Local Information Security Officer (F / m / d)

wefox is Europe’s leading InsurTech, reinventing insurance at scale with a record-breaking Series C funding round of $650 million in 2021, making it the largest funding round of any InsurTech to date.

wefox is revolutionising insurance by empowering customers and delivering personalised experiences driven by data. Our vision is to enable people to be safe by providing 360-degree advice through our network of advisors, optimising individual risk coverage with innovative prevention, assistance, and insurance products.

For our Italian holding, wefox AG - wefox Italy - we are currently seeking a Local Information Security Officer . You will be responsible for driving the Global Information Security strategy at the country level (Italy - Milan) and maintaining operational engagement with key leaders within the Business, IT, and Tech teams.

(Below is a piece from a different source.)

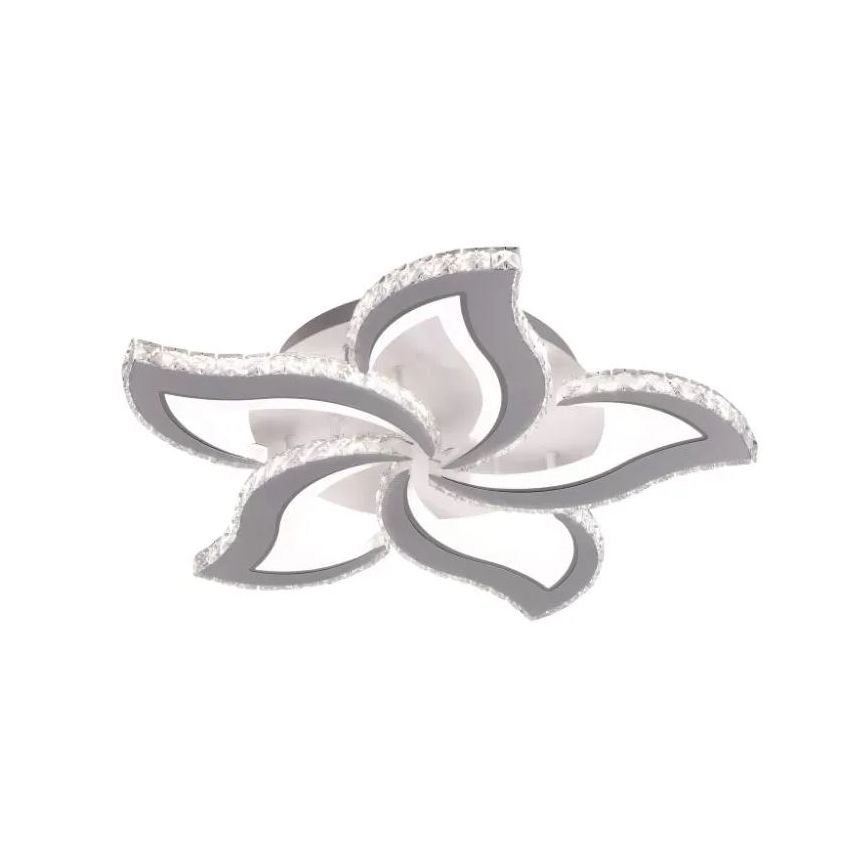 Svietidlo v tvare kvetu svieti. Je sivé, s krištáľovými detailmi a je určené na pripevnenie k stropu.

• wefox Italy owns 100% of Mansutti S.p.A. and Mach-1 S.r.l.
• Mansutti : One of Italy’s major insurance brokers with nearly 100 years of experience, specialising in assisting corporate clients with insurance programs to protect assets and businesses, and creating affinity programs to increase revenue and customer base.
• Mach-1 : Italy’s leading automotive insurance agency, specialised in implementing and managing insurance affinity programs for automotive manufacturers, utilities, and banking partners through innovative mobility platforms.
• The Role
• As the Local Information Security Officer, you will drive the Information Security strategy at the country level and engage with key leaders across Business, IT, and Tech teams.
• You will report to the Local Head of IT and align functionally with the Group Chief Information Security Officer.
• You will build strong relationships with stakeholders, assess business practices, identify security gaps, and lead security initiatives. Effective interaction with IT leadership, Tech Engineering, Internal Audit, Risk Management, Legal, and Privacy teams is expected.
• You should have a good understanding of our core business and how technology can enable it securely.
• You are responsible for both Governance and hands-on execution of security projects.

Main responsibilities

• Lead the information security function across Italy, ensuring high-quality management aligned with Group Security Standards.
• Influence business strategy in line with the Information Security strategy and roadmap.
• Manage operational engagement and support metrics for measuring security maturity.
• Communicate relevant security issues, risks, and events within the organization.
• Promote security awareness among regional stakeholders and partners.
• Coordinate with security architects, engineers, and analysts to meet security needs.
• Integrate security into business-driven technology projects.
• Stay updated on security trends and communicate themes in business terms.
• Implement security plans and controls, understanding proactive defense strategies.
• Lead risk exercises to identify, measure, and mitigate risks.
• Support incident response teams, manage investigations, and oversee remediation plans.

What you bring

• Bachelor’s degree in Computer Science, Engineering, or related field, or equivalent experience.
• At least 10+ years of experience in Information Security.
• Deep knowledge of regulations and standards (GDPR, ISO 27001, NIST CSF, PCI-DSS, OWASP, COBIT, CIS, etc.).
• Understanding of compliance frameworks such as IVASS, ANIA, FMA, BAFIN, EIOPA.
• Ability to translate strategy into actionable security initiatives.